The company’s hiring strategy also reflects a wider trend within the AI industry, with firms like Anthropic competing for global market share after securing significant funding.

The recent $3.5 billion funding round bolsters Anthropic’s position as it seeks to lead the AI race across multiple regions, including the Americas, Europe, and Asia.

Instead of focusing solely on the US, Anthropic’s European push is designed to comply with local AI governance and regulatory standards, which are increasingly important to businesses operating in the region.
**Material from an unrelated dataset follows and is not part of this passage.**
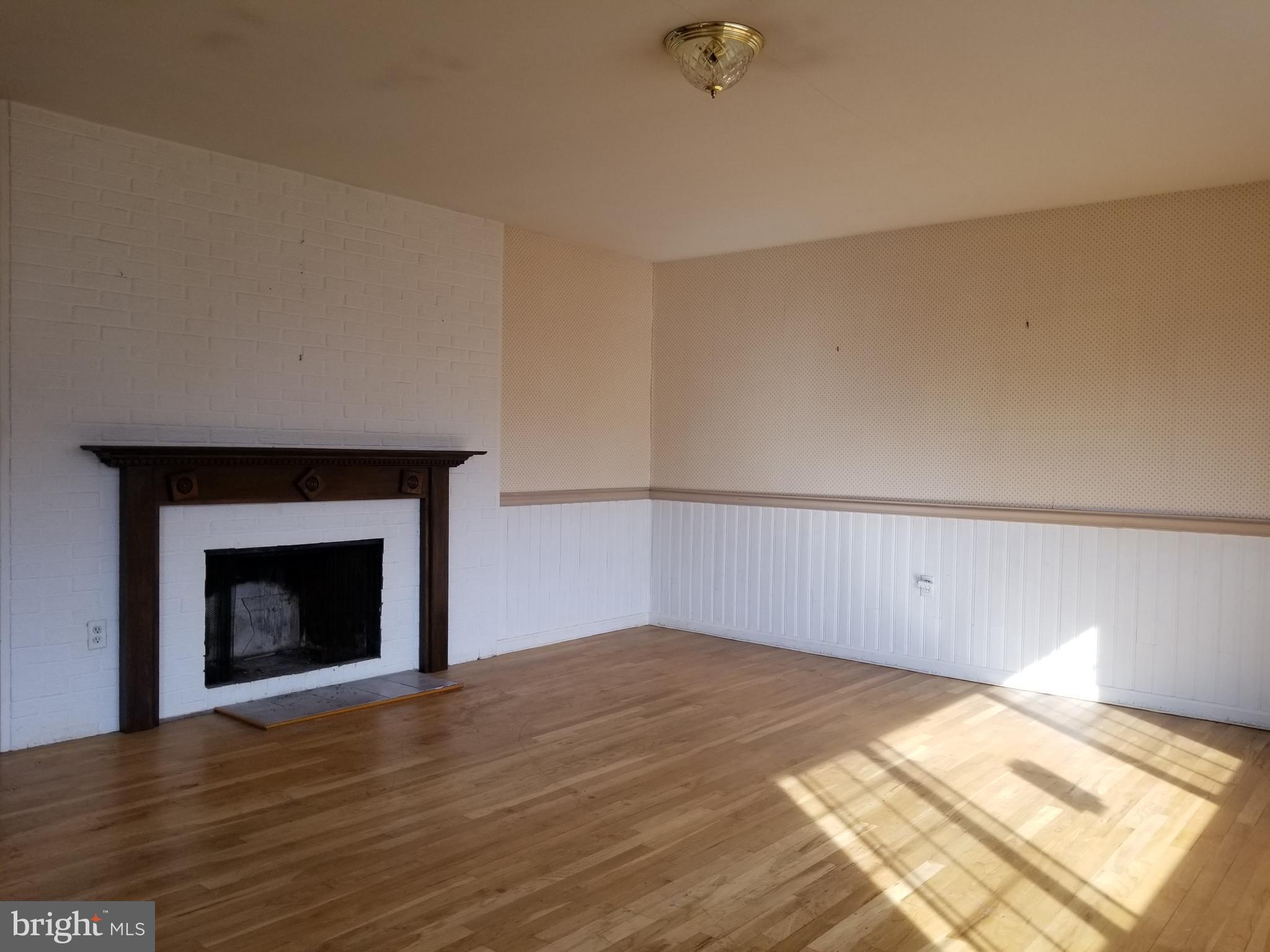 MARYLAND CITY - Residential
Anthropic’s expansion comes at a time when AI firms are facing growing competition from companies like Cohere, which has been positioning itself as a European-compliant alternative.

As the EU continues to shape global AI regulations, Anthropic’s focus on safety and localisation could position it favourably in these highly regulated markets. Analysts suggest that while the US may remain a less regulated environment for AI, the EU is likely to lead global AI policy development in the near future.